Hablan de sus planes para los meses siguientes. Sybille casi ha terminado su trabajo en Zanzíbar; se retirará al Pueblo Frío de Sión durante los meses de verano para escribir su tesis. Mortimer y Nerita van a México para recorrer los antiguos templos y pirámides. Zacharias va a Ohio, hacia sus queridos túmulos. En otoño se reagruparán en Sión y planearán la diversión del invierno: una excursión a Egipto, tal vez, o a Perú, a las cumbres del Machu Picchu. Las ruinas, los emplazamientos arqueológicos, les fascinan; en los lugares donde la muerte ha sido más activa, su alegría es más intensa. Están excitados, emocionados, charlatanes, hablando virtualmente por los codos, ahora. Luego iremos a Zimbabwe, a Palenque, a Angkor, a Knossos, a Uxmal, a Nínive, a Mohenjodaro. Y mientras siguen sin parar, hablando con manos y ojos y sonrisas, e incluso palabras —incluso palabras, torrentes de palabras—, se desdibujan y se vuelven irreales para él; son meros títeres danzantes dando tumbos sobre un escenario mal pintado, son insectos que zumban, avispas o abejas o mosquitos, con toda su conversación sobre viajes y festivales, sobre Boghazkby y Babilonia, sobre Megiddo y Massada; y deja de oírlos, deja de sintonizarlos, miente allí sonriendo, los ojos vidriosos, la mente a la deriva. Le desconcierta el hecho de tener tan poco interés en ellos. Pero entonces entiende de pronto que es una señal de su liberación. Está liberándose de las viejas cadenas. ¿Se unirá a su grupo? ¿Por qué debería hacerlo? Quizá viajará con ellos, quizá no, a medida que el capricho se apropie de él. Más probablemente no. Casi seguramente no. Él no necesita su compañía. Él tiene sus intereses. Él ya no seguirá a Sybille por todas partes. Él no necesita, él no quiere, él no pretenderá. ¿Por qué debería convertirse en uno de ellos, desarraigado, un peregrino amoral, un fantasma hecho carne? ¿Por qué debería abrazar los valores y las costumbres de esta gente que le ha dado muerte tan desapasionadamente como podría aplastar un insecto, sólo porque él los había aburrido, porque los había molestado? Él no los odia por lo que le hicieron, no siente un resentimiento que pueda identificar, simplemente elige separarse a sí mismo de ellos. Dejarlos flotar de ruina en ruina, dejarlos perseguir la muerte de continente en continente: él seguirá su propio camino. Ahora que ha cruzado la interfaz se encuentra con que Sybille ya no tiene importancia para él. Oh, señor, las cosas cambian.

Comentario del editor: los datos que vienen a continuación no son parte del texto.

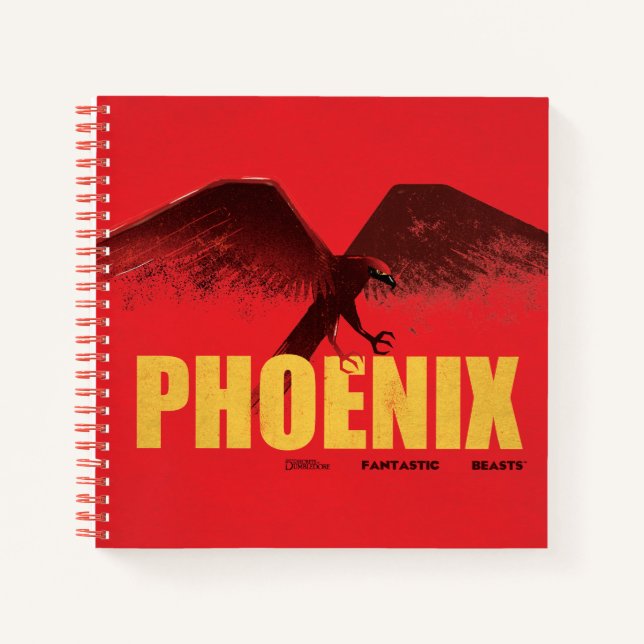 Phoenix Vingate Graphic Notebook (Front)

—Nos iremos ahora —dice suavemente Sybille.
Él asiente. No responde otra cosa.
—Te veremos después de tu secado —le dice Zacharias, y le toca ligeramente con sus nudillos, un gesto de despedida usado sólo por los muertos.
—Te veo —dice Mortimer.
—Te veo —dice Gracchus.
—Pronto —dice Nerita.
Nunca, responde Klein, expresándolo sin palabras, pero ellos le entenderán. Nunca. Nunca. Nunca. Nunca veré a ninguno de vosotros, nunca te veré a ti, Sybille. Las sílabas resuenan a través de su cerebro, y la palabra nunca, nunca, nunca comienza a rodar sobre él como el oleaje de la ruptura, limpiándole, purificándole, curándole. Es libre. Está solo.
—Hasta luego —se despide Sybille desde el vestíbulo.
—Hasta luego —responde él.
Pasaron años antes de que la viese de nuevo. Pero consumieron los últimos días del 99 juntos, disparando a los dodos bajo la sombra del poderoso Kilimanjaro.